Depth-Limited Listing

Adds max_depth parameter to Store.list_files() and Store.list_folders() for controlling traversal depth without fetching the full recursive tree.

Related: Research, ID-107, ID-108, ID-107b.


DEPTH-001: list_files(max_depth=N)

Invariant: list_files(path, *, recursive=False, pattern=None, max_depth=None) accepts an optional max_depth keyword. Depth is the number of folder levels between the listing root and the file's parent directory:

  • max_depth=None (default): defers to recursive.
  • max_depth=0: files directly in path only (equivalent to recursive=False).
  • max_depth=N (N > 0): files up to N folder levels below path.

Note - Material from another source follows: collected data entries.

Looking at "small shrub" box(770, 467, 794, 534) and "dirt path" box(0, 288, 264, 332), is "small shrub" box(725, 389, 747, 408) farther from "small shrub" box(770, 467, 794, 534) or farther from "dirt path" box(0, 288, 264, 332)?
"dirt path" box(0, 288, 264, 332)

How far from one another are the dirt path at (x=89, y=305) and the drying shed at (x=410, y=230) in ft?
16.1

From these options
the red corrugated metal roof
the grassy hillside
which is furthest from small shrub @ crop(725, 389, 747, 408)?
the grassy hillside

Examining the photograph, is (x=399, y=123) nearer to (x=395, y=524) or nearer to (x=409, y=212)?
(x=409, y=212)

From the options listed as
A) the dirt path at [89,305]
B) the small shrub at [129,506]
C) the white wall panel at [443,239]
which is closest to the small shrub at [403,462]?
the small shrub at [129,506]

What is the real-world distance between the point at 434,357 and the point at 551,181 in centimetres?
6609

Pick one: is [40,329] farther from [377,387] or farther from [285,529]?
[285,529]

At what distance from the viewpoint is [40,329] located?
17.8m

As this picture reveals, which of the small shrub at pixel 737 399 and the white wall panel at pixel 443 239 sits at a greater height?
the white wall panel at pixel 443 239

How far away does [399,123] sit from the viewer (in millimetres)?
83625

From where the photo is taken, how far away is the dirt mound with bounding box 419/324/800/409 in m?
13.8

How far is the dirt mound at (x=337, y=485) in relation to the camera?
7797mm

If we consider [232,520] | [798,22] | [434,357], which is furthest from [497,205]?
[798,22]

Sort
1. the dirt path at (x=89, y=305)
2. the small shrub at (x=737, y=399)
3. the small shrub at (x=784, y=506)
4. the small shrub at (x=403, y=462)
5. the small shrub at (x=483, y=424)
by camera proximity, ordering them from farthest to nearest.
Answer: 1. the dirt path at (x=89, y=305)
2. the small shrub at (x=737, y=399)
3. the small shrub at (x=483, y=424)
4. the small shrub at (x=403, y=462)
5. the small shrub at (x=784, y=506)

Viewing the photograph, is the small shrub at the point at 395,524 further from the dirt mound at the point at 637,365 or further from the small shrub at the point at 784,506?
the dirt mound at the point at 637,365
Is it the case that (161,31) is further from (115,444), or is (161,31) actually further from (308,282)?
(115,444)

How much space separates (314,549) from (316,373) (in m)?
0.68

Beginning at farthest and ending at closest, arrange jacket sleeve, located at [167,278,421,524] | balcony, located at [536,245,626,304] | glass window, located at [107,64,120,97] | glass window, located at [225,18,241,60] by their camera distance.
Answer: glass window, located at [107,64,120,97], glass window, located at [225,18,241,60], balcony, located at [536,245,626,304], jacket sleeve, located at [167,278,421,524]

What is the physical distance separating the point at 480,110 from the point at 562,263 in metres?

When max_depth is set, recursive is ignored — depth takes full control of traversal.

Validation: max_depth < 0 raises ValueError.

Filtering order: depth filtering applies first, then pattern filtering. The two compose naturally.

Implementation (Phase 1): Client-side filtering at the Store level. max_depth=0 delegates with recursive=False; max_depth > 0 delegates with recursive=True and filters results by path component count. No Backend ABC change.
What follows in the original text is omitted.